After producing and directing Bright Star, which was nominated for two Satellite Awards, Campion directed and produced the television series Top of the Lake, earning three Primetime Emmy Awards nominations in 2013.

In 2021, Campion wrote, directed and produced the film The Power of the Dog. It became one of the most critically acclaimed films of that year for its direction, screenplay and ensemble cast, winning the Golden Globe Award for Best Motion Picture – Drama and Best Director, leading the 94th Academy Awards nominations, becoming the first woman to receive multiple Best Director nominations. Campion also won the Academy Award for Best Director, becoming the third female director to win it in the history of the awards ceremony.

Major associations

Academy Awards
The Academy Awards, popularly known as the Oscars, are awards for artistic and technical merit in the film industry, given annually by the Academy of Motion Picture Arts and Sciences.

BAFTA Awards 
The BAFTA Awards are presented in an annual award show hosted by the British Academy of Film and Television Arts to honour the best British and international contributions to film, TV shows and video-games.

Golden Globe Awards
The Golden Globe Awards are accolades bestowed by the members of the Hollywood Foreign Press Association, recognizing excellence in both American and international film and television.

Primetime Emmy Awards
The Primetime Emmy Awards are bestowed by the Academy of Television Arts & Sciences (ATAS) in recognition of excellence in American primetime television programming-

Other awards and nominations

AACTA Awards
The Australian Academy of Cinema and Television Arts Awards, called Australian Film Institute Awards or AFI Awards from 1985 to 2010, are presented annually by the Australian Academy of Cinema and Television Arts (AACTA).

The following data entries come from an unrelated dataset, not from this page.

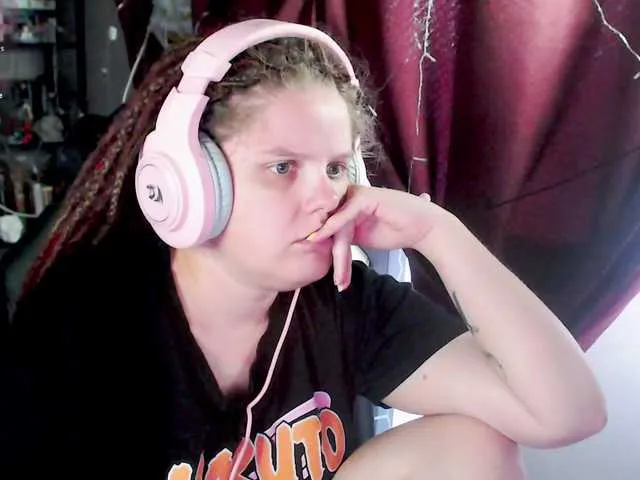 DiamondJo free chat on liveonude Image 12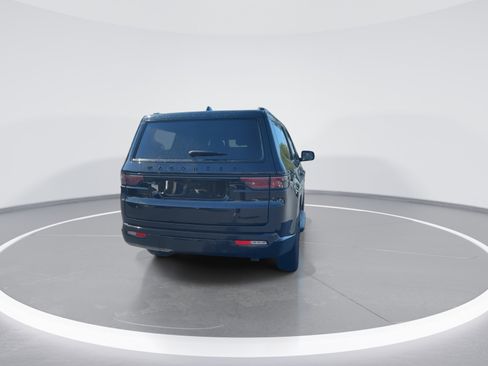 Used 2024 Jeep Wagoneer Series II w/ Convenience Group I image 8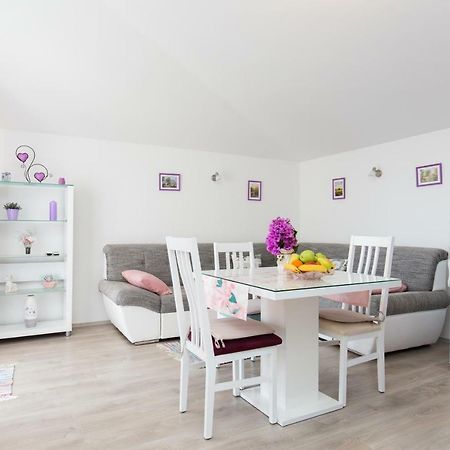 Apartment Paula ポドストラナ エクステリア 写真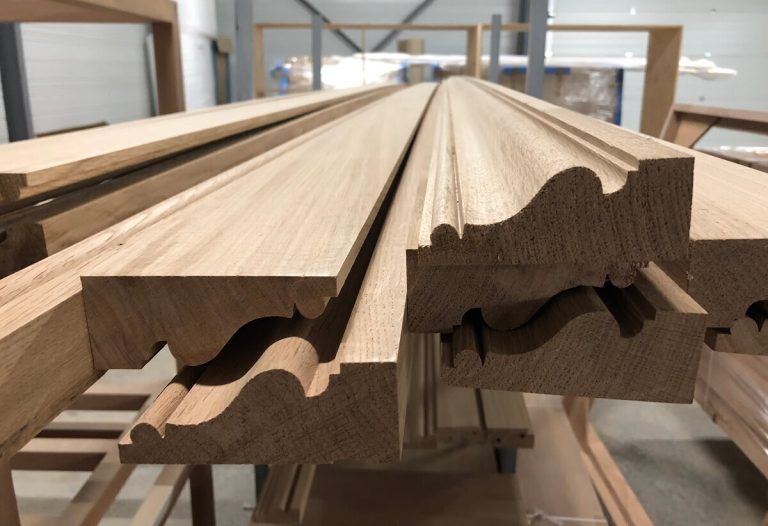 FABRICANT DE MACHINES de brossage et d&rsquo;egrenage POUR LA FINITION DU BOIS !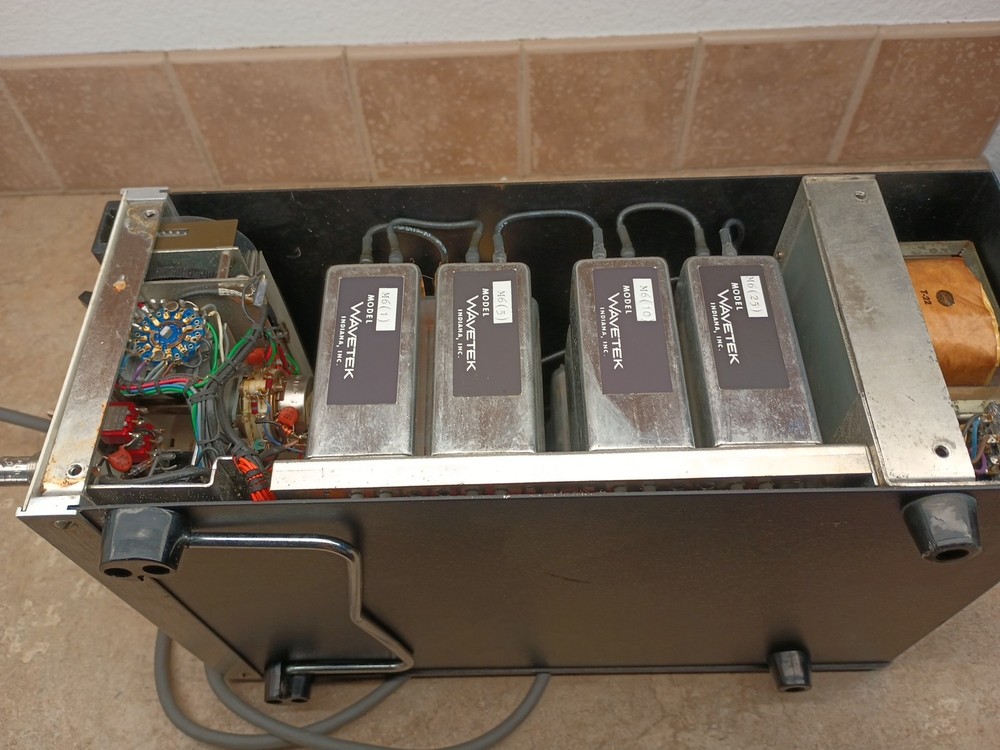 Wavetek Model 2001 Sweep Signal Generator, Powers On - Untested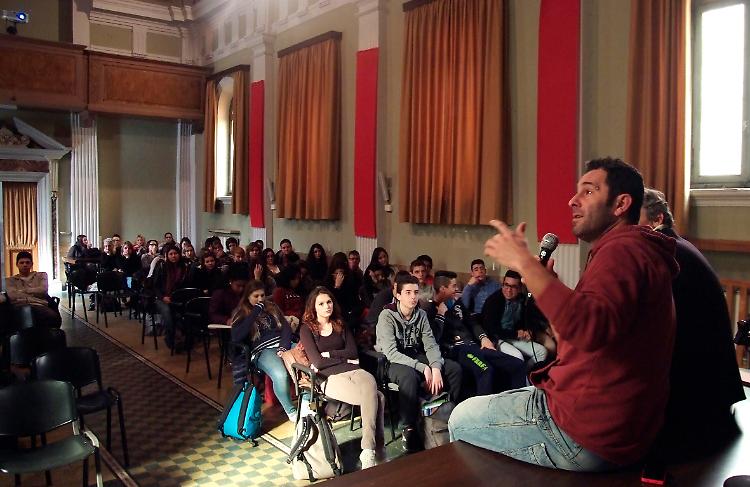 I baby scrittori del Fatf
premiati da Cavina a teatro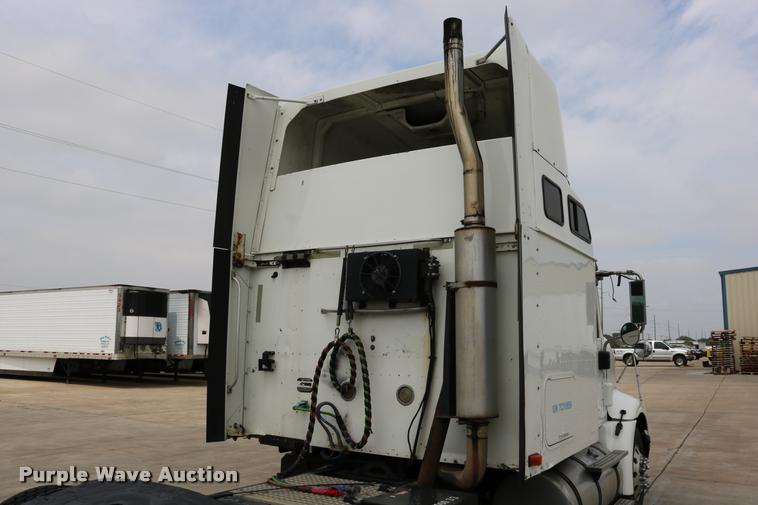 image for item DD0237 2007 International 9400i semi truck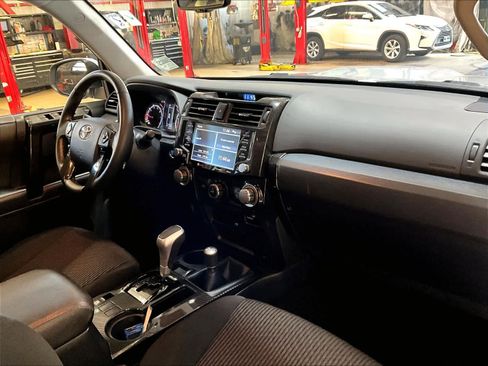 Used 2024 Toyota 4Runner TRD Off-Road image 14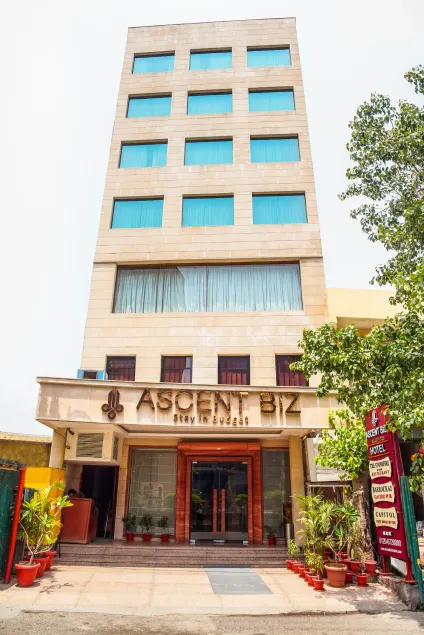 Ascent Biz Hotel - Image 1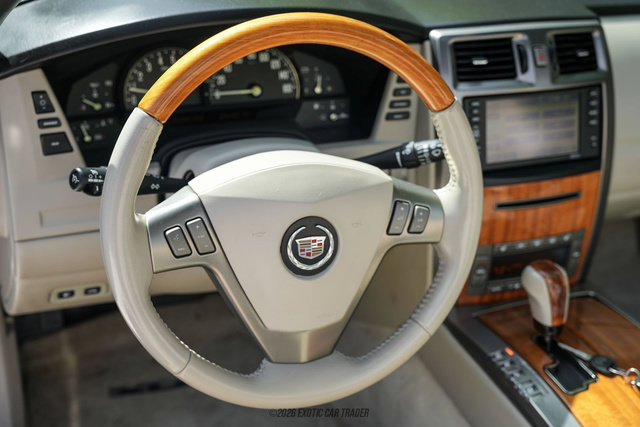 Used 2006 Cadillac XLR RWD image 34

Art Directors Guild Awards

The Arts Foundation Te Tumu Toi
In December 2022 Campion was a recipient of the New Zealand Arts Icon Award Whakamana Hiranga, which makes her one of twenty current living cultural icons.

British Independent Film Awards
The British Independent Film Awards (BIFA Awards) is an organisation that celebrates, supports and promotes British independent cinema and filmmaking talent in United Kingdom, Australia and New Zealand.

British Screenwriters' Awards

Broadcasting Press Guild Awards
The Broadcasting Press Guild (BPG) is a British association of journalists dedicated to the topic of general media issues.

Cannes Film Festival
The Cannes Film Festival, is an annual film festival held in Cannes, France, which previews new films of all genres, including documentaries, from all around the world.

César Awards
The César Awards is the national film award of France, bestowed by the Académie des Arts et Techniques du Cinéma.

Critics' Choice Awards
The Critics' Choice Movie Awards or Broadcast Film Critics Association Award is an awards show presented annually by the American-Canadian Critics Choice Association (CCA) to honor the finest in cinematic achievement.

Directors Guild of America Awards
The Directors Guild of America Awards are issued annually by the Directors Guild of America.

Gold Derby Film Awards
The Gold Derby Film Awards are issued annually by Gold Derby to recognized the best in film industry.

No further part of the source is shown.